Tuesday, February 12, 2008

follow up-- how could someone?

how could someone fall in love with a name??

how could i fall in love with a dream..??
---

She was there. Standing in front of an aisle.. Only then that she noticed a little girl just next to her, wearing a cute gown. She asked the little girl… “do I have a good looking groom?”…the girl nodded. Then she stopped. Oh my.. she said to herself. This is her wedding. Who’s gonna be her husband? She looked for the man waiting at the altar. But he… he doesn’t have a face.


“Do I know you?

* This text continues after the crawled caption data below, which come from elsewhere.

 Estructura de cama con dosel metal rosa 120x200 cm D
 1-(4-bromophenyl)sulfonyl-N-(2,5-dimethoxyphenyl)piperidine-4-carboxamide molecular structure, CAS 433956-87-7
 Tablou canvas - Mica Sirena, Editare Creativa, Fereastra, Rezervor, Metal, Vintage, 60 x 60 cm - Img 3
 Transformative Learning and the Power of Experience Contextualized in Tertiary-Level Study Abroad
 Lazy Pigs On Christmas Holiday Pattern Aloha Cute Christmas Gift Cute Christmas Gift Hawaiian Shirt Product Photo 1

Have I seen you somewhere?” she asked the man sitting next to her.

The guy smiled and said, “Is that a pick-up line?”

---

and just now i thought..

how could someone fall in love with a voice?

what is the common factor? they fell in love with someone they haven't personally met. someone who's not even aware of their existence.

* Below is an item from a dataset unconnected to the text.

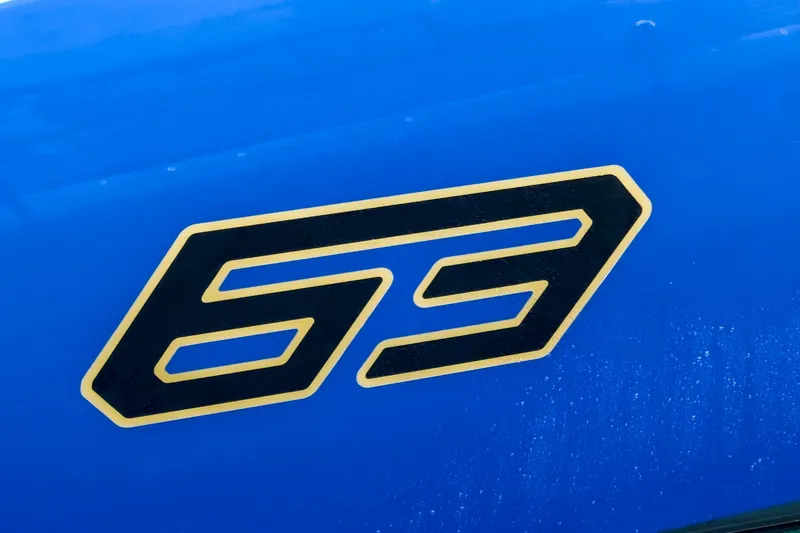 Slide: The Image of Blue Tecnomar Lamborghini 63 logo on yacht, 2023 model. - 44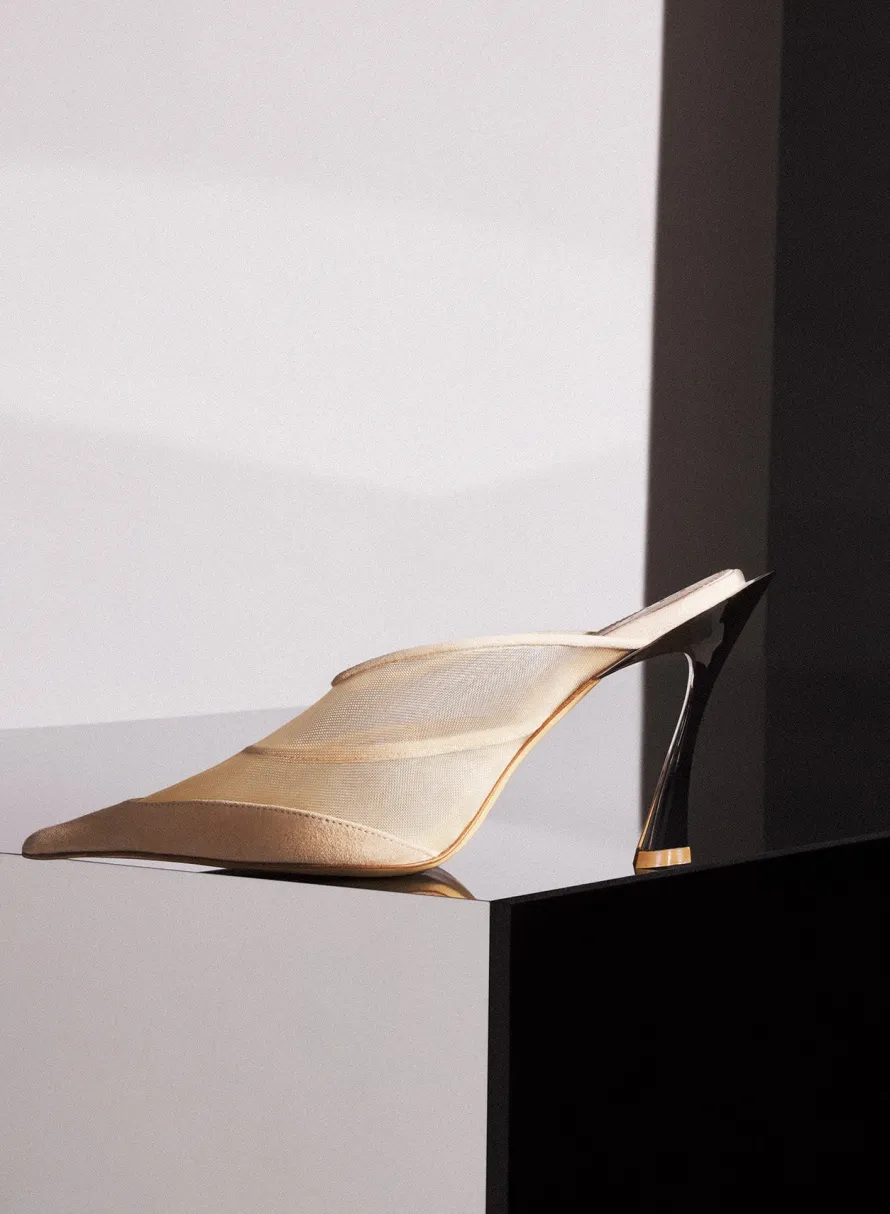 Shoes|MUGLER Tan mesh Fang 95 mules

hhmm.. what happened after they met? after that first encounter?

Monday, February 11, 2008

all deserved win

they won their ticket to the finals!! yep..jmes did a good job of penetrating rb's defense. kUya piNg did a good job on impressing his dad-in-law.^_^ but hands down to rb's headcoach.. magaling talaga xa. dont get me wrong though, i still dont like him.. just giving credit when credit is due. hhMmm.. gO tEam.. kAya niO yN. i miss wAtching practice and live games..^_^ win.bck.d.cr0wn!!

i read this line in a novel today.."how could someone fall in love with a name??".. my predicament?? how could i fall in love with a dream..??--reminds me of that thing again. (sigh mode**)

Sunday, February 10, 2008

011008..sunday..@hOme

iM sittiNg hEre agAin. dOnt hAve a lifE thEse pAst days excEpt PC.PC.and PC.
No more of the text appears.